For years, decades really, I refused to have anything to do with “chicken on the bone.” Besides eating it, of course. If Col. Sanders was willing to hack through all that horrible connective tissue and handle that mysterious package of squishy little pieces, more power to him: I’ll eat the delicious fried results. But heck if I was going to handle that stuff — that’s what modern butchers are for! I bought skinless boneless chicken breasts.
Then, about a decade ago (I might have been living with her briefly at the time, between marriages as I was), my sister salted and peppered a whole chicken, popped it in the oven and said something like, “well, there’s dinner.”
“Oh, I admire you,” I said. “I hate handling chicken on the bone.”
“Oh, it’s so easy,” she said, making “easy” sound like it had 12 syllables. “You really should try it.”
Pretty much up until then, I assumed I was the smarter sibling. Because I was older, see. I had more experience.
Well, not with preparing chicken, as it turned out. My sister was right. Roasting a chicken is easy.
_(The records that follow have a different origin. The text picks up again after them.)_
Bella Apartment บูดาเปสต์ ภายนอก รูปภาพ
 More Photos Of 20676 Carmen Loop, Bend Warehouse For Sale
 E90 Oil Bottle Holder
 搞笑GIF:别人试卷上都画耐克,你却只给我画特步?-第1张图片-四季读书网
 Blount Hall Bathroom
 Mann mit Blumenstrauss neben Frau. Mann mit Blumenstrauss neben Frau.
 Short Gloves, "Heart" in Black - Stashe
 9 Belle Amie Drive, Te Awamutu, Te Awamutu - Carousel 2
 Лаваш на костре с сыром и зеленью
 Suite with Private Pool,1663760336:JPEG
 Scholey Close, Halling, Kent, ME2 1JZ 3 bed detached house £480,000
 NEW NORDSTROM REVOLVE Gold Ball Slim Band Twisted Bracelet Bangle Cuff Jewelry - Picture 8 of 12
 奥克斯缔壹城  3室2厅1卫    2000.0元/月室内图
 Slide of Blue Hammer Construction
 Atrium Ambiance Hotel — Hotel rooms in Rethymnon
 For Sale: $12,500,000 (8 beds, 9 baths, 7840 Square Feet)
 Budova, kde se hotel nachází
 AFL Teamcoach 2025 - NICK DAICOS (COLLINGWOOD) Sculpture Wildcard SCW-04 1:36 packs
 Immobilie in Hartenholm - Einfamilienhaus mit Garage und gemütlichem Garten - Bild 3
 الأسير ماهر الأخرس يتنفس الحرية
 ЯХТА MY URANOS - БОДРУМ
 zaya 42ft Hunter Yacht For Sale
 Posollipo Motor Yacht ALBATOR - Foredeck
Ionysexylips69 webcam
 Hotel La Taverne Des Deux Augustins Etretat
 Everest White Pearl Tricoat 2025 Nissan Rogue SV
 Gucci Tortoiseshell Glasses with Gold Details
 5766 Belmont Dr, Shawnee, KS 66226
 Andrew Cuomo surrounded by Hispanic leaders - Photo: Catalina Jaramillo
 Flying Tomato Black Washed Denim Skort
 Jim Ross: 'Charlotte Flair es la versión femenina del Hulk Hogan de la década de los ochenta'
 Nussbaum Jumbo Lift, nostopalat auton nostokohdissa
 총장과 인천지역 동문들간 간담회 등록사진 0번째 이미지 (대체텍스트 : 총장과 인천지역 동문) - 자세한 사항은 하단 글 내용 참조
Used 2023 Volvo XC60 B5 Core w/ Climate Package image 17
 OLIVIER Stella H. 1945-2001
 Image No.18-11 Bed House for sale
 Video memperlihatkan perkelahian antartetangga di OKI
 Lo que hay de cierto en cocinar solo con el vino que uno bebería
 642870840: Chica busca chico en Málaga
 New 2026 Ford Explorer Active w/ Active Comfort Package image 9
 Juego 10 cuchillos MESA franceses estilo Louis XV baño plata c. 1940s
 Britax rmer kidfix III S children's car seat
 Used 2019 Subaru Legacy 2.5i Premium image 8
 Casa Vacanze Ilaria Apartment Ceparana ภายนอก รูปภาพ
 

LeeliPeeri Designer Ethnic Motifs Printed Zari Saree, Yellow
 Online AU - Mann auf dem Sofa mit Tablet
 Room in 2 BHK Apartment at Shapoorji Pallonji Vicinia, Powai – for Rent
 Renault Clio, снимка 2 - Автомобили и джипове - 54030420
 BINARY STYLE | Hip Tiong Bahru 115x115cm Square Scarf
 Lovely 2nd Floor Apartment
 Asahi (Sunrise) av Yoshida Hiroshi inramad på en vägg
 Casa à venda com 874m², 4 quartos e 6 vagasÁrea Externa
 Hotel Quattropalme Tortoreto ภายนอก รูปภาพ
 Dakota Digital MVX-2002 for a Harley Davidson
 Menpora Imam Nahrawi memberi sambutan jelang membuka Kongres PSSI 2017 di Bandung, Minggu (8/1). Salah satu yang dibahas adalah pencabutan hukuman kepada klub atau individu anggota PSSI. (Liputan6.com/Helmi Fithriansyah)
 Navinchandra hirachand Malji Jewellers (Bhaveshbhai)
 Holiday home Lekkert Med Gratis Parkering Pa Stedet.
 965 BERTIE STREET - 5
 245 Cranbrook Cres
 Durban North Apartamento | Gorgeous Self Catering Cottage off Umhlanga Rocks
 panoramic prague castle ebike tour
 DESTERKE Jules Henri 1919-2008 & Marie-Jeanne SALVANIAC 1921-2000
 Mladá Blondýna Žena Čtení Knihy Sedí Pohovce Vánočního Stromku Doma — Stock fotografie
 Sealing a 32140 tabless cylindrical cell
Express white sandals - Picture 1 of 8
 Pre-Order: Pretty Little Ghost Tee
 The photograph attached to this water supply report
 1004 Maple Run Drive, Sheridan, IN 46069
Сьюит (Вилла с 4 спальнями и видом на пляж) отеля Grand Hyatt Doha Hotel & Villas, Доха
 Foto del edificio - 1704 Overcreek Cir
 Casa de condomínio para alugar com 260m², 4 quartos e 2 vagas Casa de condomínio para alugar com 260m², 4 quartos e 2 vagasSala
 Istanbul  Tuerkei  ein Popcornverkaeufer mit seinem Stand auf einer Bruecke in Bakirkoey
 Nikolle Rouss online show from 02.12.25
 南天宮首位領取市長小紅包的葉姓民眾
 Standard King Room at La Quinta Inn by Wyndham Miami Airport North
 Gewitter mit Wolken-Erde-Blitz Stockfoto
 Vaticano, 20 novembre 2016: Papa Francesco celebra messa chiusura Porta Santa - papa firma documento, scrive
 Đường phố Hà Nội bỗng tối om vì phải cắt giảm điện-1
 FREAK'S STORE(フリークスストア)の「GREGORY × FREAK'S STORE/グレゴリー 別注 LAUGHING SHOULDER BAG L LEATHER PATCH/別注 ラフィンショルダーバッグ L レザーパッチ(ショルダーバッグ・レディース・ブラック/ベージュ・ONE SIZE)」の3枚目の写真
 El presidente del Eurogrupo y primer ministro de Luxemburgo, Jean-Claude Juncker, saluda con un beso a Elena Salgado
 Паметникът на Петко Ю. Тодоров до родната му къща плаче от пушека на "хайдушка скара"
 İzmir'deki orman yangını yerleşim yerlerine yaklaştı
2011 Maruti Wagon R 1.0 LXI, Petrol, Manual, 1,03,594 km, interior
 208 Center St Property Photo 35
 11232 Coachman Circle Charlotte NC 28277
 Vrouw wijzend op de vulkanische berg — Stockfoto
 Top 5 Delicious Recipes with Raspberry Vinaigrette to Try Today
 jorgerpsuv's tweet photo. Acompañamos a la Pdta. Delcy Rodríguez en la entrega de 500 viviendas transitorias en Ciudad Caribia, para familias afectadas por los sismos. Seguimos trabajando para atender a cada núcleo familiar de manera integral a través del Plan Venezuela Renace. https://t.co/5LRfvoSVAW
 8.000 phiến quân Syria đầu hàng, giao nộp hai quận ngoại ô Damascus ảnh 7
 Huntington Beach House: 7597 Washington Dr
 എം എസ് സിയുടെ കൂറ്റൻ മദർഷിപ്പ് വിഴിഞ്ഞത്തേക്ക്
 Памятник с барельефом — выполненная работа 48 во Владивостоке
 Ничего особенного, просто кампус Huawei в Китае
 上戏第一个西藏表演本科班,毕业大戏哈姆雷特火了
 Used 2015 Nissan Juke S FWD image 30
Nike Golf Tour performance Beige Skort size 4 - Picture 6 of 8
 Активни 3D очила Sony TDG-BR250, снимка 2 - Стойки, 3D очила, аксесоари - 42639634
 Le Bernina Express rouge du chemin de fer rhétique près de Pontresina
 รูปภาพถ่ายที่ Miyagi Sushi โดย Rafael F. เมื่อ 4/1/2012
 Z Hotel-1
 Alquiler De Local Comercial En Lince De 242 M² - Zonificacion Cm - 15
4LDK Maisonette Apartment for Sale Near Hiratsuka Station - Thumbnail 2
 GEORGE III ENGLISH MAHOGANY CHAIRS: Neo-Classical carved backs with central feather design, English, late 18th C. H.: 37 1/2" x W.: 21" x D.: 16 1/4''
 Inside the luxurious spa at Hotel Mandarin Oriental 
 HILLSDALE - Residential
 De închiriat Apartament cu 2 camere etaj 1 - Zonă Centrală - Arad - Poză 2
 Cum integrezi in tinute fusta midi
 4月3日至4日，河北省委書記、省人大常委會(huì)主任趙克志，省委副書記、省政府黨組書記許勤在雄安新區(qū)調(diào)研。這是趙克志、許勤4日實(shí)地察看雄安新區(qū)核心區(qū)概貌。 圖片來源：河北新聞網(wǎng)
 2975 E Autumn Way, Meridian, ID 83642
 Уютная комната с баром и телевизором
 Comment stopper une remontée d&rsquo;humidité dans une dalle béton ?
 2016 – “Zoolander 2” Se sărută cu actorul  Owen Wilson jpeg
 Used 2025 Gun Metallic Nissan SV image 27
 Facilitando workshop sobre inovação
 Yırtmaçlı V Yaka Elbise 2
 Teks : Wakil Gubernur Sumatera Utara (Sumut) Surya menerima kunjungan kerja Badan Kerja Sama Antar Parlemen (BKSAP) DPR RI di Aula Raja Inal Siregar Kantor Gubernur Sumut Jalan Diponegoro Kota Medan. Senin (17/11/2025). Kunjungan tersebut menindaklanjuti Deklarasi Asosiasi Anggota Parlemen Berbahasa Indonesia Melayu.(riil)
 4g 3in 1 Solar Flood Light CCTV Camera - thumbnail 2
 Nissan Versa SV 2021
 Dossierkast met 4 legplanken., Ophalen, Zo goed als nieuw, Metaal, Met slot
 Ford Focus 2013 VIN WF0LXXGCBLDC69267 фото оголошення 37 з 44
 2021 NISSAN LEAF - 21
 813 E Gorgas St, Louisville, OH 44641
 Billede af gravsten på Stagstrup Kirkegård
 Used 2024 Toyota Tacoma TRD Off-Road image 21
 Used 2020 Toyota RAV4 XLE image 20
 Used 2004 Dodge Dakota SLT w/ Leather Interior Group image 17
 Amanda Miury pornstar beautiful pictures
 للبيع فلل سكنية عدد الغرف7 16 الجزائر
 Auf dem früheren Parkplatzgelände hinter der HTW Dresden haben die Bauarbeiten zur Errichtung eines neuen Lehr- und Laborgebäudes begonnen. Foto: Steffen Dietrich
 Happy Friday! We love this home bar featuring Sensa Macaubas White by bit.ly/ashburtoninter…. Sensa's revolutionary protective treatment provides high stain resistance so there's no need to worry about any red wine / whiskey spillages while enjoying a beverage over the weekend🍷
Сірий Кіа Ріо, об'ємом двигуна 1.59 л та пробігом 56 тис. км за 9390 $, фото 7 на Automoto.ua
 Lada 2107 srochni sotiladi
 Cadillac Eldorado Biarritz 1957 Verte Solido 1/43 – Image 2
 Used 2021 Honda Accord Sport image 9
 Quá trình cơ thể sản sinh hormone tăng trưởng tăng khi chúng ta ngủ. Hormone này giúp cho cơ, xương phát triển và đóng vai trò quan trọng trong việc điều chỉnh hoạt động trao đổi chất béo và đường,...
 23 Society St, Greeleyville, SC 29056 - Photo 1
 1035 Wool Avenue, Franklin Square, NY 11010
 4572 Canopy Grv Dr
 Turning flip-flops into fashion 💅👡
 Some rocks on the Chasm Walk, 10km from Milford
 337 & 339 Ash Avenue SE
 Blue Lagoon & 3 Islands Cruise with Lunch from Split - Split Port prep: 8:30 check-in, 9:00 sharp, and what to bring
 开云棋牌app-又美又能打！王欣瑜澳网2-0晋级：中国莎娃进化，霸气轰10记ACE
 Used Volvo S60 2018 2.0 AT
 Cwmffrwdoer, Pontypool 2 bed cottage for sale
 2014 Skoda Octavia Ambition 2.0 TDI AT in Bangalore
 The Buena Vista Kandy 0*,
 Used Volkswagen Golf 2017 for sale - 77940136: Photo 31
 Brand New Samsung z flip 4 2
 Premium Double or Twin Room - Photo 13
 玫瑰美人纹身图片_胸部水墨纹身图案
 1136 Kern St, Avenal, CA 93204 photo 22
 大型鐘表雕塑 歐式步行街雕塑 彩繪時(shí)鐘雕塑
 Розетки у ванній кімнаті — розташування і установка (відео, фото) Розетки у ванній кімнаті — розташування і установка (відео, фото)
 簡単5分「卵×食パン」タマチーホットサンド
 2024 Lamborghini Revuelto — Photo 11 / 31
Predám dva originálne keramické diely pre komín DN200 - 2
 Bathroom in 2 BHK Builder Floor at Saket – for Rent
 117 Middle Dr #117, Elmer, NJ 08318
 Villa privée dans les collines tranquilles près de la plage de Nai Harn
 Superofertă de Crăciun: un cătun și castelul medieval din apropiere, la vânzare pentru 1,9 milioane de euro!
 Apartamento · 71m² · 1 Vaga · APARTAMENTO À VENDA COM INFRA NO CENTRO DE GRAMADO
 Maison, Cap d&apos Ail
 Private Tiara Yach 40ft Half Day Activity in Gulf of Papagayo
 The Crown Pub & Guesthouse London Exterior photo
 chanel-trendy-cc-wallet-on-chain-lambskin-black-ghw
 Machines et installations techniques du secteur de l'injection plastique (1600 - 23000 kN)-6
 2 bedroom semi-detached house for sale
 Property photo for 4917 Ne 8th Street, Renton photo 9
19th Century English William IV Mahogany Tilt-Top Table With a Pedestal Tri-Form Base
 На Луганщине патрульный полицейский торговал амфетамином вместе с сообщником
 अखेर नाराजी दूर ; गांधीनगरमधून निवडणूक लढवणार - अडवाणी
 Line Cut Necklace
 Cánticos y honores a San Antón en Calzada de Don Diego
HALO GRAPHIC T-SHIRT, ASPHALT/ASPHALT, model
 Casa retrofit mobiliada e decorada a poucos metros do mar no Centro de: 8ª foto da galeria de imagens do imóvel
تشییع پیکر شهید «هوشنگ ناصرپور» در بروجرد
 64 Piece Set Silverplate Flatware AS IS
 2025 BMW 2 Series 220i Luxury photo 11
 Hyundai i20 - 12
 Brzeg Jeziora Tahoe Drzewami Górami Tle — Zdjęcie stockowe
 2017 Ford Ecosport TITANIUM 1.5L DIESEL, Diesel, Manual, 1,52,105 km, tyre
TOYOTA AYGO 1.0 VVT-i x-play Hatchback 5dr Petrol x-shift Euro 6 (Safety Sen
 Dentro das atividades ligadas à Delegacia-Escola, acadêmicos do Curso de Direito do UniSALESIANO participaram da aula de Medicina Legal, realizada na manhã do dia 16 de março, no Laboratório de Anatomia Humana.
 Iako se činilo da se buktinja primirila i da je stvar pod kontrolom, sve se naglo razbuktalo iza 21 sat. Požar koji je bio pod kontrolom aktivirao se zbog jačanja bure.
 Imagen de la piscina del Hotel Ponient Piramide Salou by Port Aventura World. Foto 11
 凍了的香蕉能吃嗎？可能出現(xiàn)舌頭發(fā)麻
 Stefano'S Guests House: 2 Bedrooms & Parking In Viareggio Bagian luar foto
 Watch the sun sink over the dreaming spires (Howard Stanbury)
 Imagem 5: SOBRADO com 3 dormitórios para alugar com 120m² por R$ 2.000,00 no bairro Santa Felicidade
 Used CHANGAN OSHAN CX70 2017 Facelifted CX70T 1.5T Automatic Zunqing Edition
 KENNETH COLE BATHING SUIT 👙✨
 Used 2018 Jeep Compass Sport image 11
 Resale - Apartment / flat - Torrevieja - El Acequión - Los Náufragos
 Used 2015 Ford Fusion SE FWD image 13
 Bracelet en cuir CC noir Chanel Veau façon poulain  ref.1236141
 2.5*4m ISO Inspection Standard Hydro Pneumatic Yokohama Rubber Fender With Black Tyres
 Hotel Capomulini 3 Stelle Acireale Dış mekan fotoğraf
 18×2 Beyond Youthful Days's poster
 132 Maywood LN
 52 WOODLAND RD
And then, I discovered when I moved in with my Beloved, that disgusting carcass of chicken bits and bones make the most amazing chicken broth. “Amazing,” with 12 syllables.
And making chicken broth is pretty easy, too! Who’d a thunk?
So today as I was salting and peppering my whole chicken (my Beloved refused to let me use anything fancy like lemon or garlic or, God forbid, rosemary), I thought of my sister. And of the amazing chicken soup I’m going to eat tomorrow, too.